* **TASK OBJECTIVE**:
Below are the records; give again exactly the lines from the one containing "ベッド 組立簡単すのこベッド ヘッドレス ESB01-S ナチュラル" through the one containing "siempre ha querido", leaving out pictures.

* **RECORD EXTRACTS**:

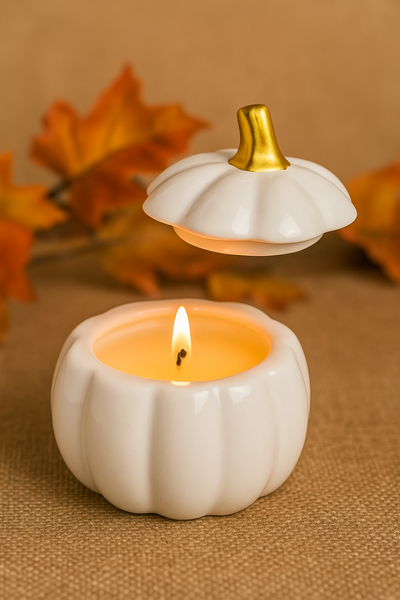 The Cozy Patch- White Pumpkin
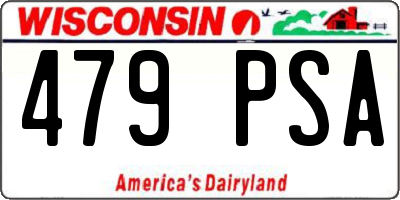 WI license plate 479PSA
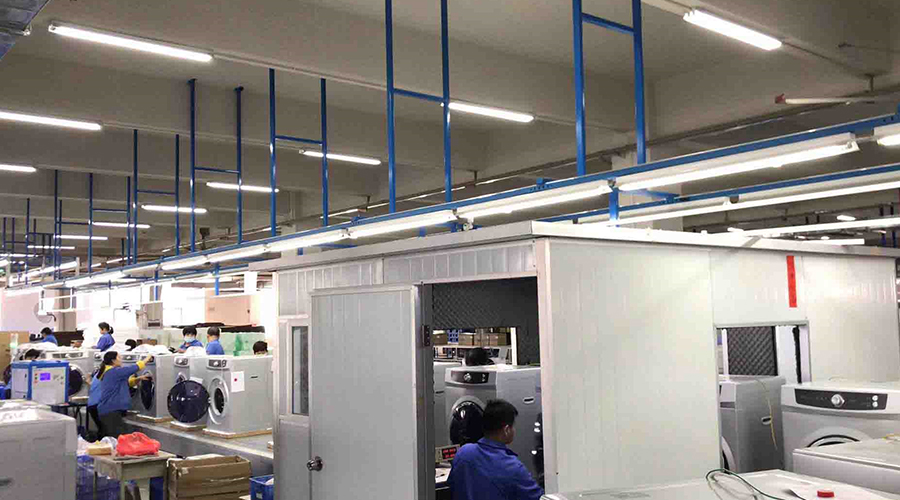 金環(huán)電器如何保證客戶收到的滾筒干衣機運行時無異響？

* * *

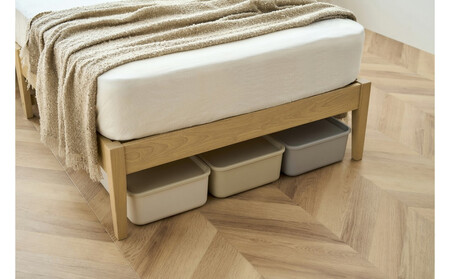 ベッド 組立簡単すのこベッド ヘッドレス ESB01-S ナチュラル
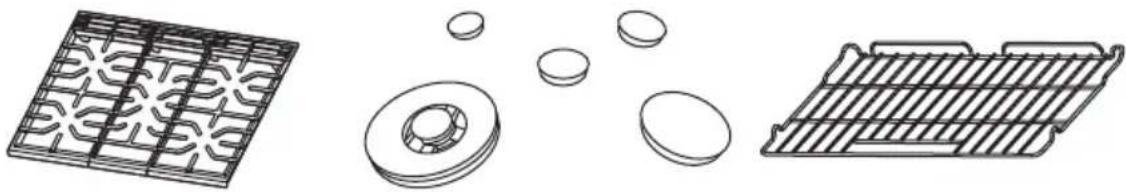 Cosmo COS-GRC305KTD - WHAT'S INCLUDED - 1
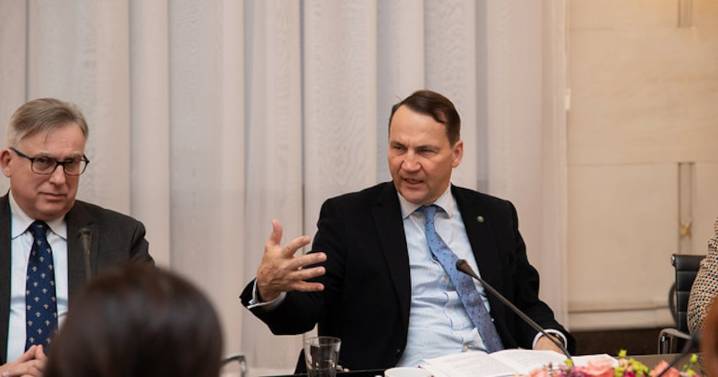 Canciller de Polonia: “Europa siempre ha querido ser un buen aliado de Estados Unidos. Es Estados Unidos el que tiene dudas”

---

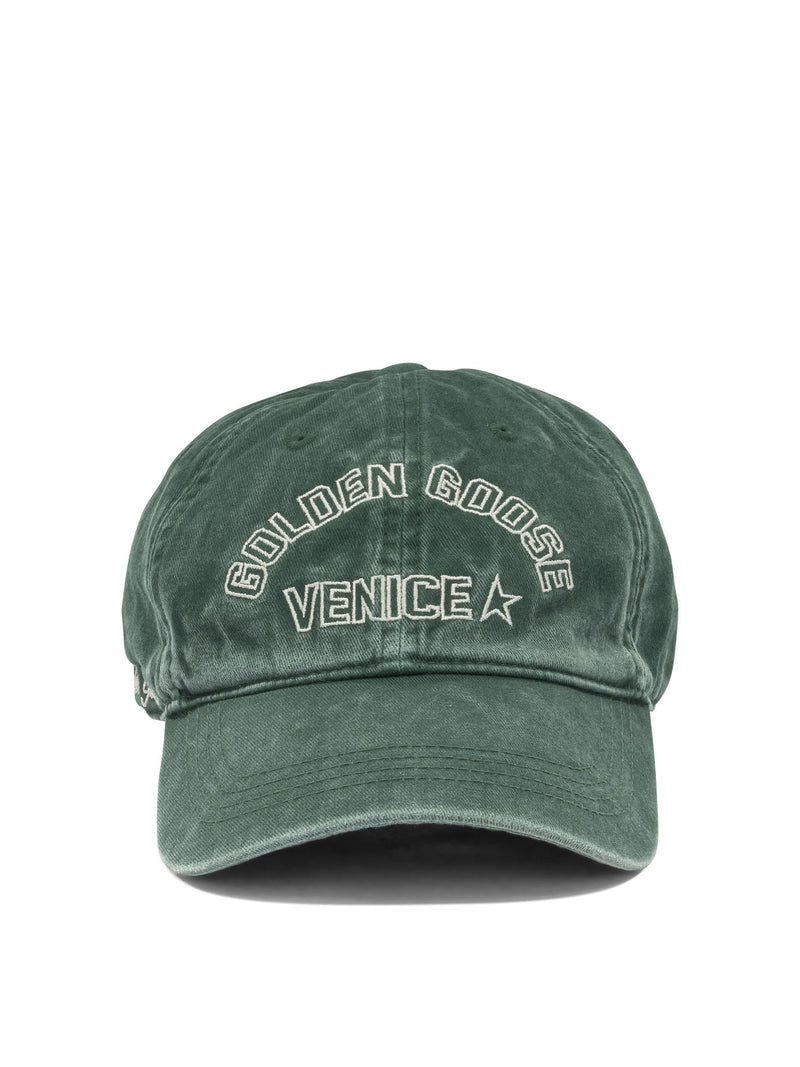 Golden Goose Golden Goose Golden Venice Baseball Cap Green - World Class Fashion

* **ANSWER SECTION**:
 ベッド 組立簡単すのこベッド ヘッドレス ESB01-S ナチュラル
 Cosmo COS-GRC305KTD - WHAT'S INCLUDED - 1
 Canciller de Polonia: “Europa siempre ha querido ser un buen aliado de Estados Unidos. Es Estados Unidos el que tiene dudas”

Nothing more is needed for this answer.